ELIZABETH ARAUJO - Tal Cual

A las 8 de la mañana, la rectora principal ya va en camino, sentada en la parte de atrás, con unas carpetas sobre sus rodillas, los tres celulares negros y el temple de una mujer decidida a poner en claro frente al país la responsabilidad que le han asignado. El conductor le pregunta, más por costumbre que por deber, "¿a la oficina, doctora?", y ella lo mira fijamente, como si tratara de escudriñar alguna intención oculta del hombre encorbatado quien, en ese instante de apuros, busca a su vez ayuda con la mirada en los dos escoltas, también de traje negro ambos. "No...

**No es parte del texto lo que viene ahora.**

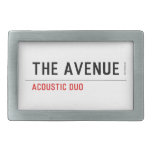 THE AVENUE  Belt Buckle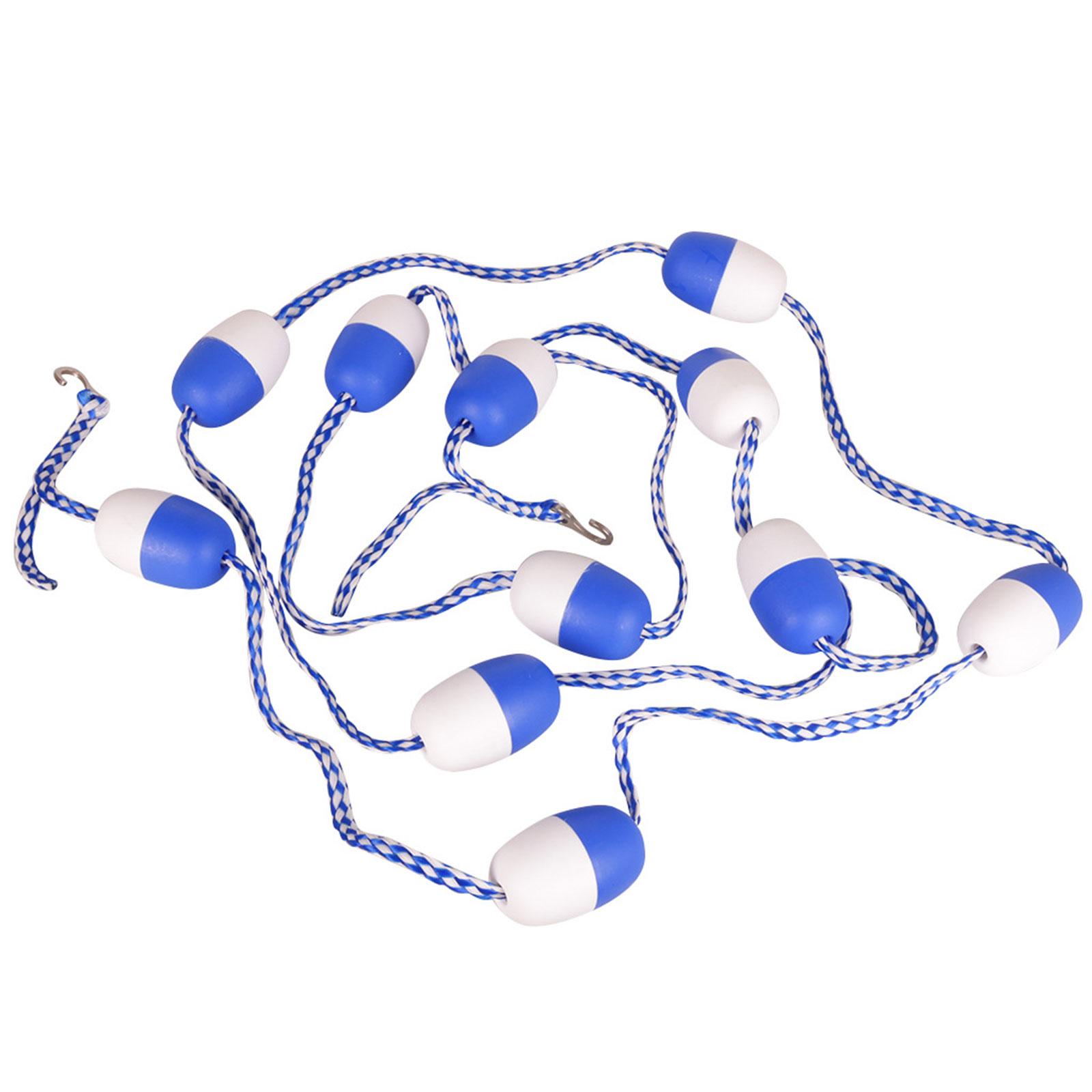 

Плавающий круг для бассейна 5,5 м с 11 поплавками и 2 крючками, разделительная линия для бассейна для соревнований по плаванию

vamos a Miraflores", responde la rectora con ese rictus de tensión en el rostro, como quien por primera vez experimenta la sensación de que va a saltar en benji desde un puente que sólo con apreciar su altura produce mareo. "Sí, vamos a Miraflores", reitera, ahora con firmeza, segundos antes de que el conductor se atreviera a confirmar "¿Usted dice al Palacio de Miraflores... al despacho del señor Presidente?" La rectora principal saca de una de las carpetas recortes de prensa y relee lo subrayado en amarillo, mientras observa en la autopista una valla gigantesca donde Chávez abraza con ternura una anciana, y debajo el lema "Corazón de la Patria".

El viaje se hace pesado y hasta largo, debido a que una docena de motorizados rodea a una joven asustadiza cuyo auto parece haber atropellado a uno de los miembros del gremio más temible del país. Más adelante, unas veinte de familias intentan sin éxito acercarse a la Vicepresidencia para reclamar no sé qué cosa de vivienda o de refugio, según se lee en la pancarta, escrita con dificultades de redacción.

Llegan a Miraflores, y es obvio que un oficial, escoltado de varios soldados rodeen la camioneta negra y conmine al conductor a bajar la ventana. "Buena, mi capitán, ¿cómo está, vengo hablar con el señor Presidente...", se oye desde dentro del auto, y el oficial identifica a la persona de donde proviene esa voz amable, la saluda revisa en su libro de rutina y le pide unos segundos para confirmar la inesperada visita.

La doctora está adentro. Un edecán, extremadamente solícito, le anuncia que el comandante presidente está por recibirla, y ella asiente con una expresión que por primera vez se nota nerviosa. El hombre sale del despacho con paso lerdo y algo molesto. La ve y sonríe, pero le pregunta, algo extrañado, a qué se debe la visita.

Entonces la rectora se levanta del sillón, le entrega el fajo de carpetas y, mientras el presidente-candidato revisa sorprendido el contenido, ella, con una voz que hace esfuerzos por no quebrarse, le dice: "Presidente, esto no puede seguir. Demasiado tiempo ha transcurrido para que yo haya llegado a esta decisión: usted no puede continuar con las cadenas ni abusar de su investidura para hacer propaganda electoral en los cuarteles, insultar con improperios al otro señor, utilizar de manera solapada las cuñas publicitarias para promover su candidatura y crear un clima de zozobra en el país cada vez que abre la boca, lo que va en perjuicio de mi responsabilidad institucional". No había soltado la frase final cuando el conductor, nervioso, le despierta, "Doctora, llegamos a su oficina".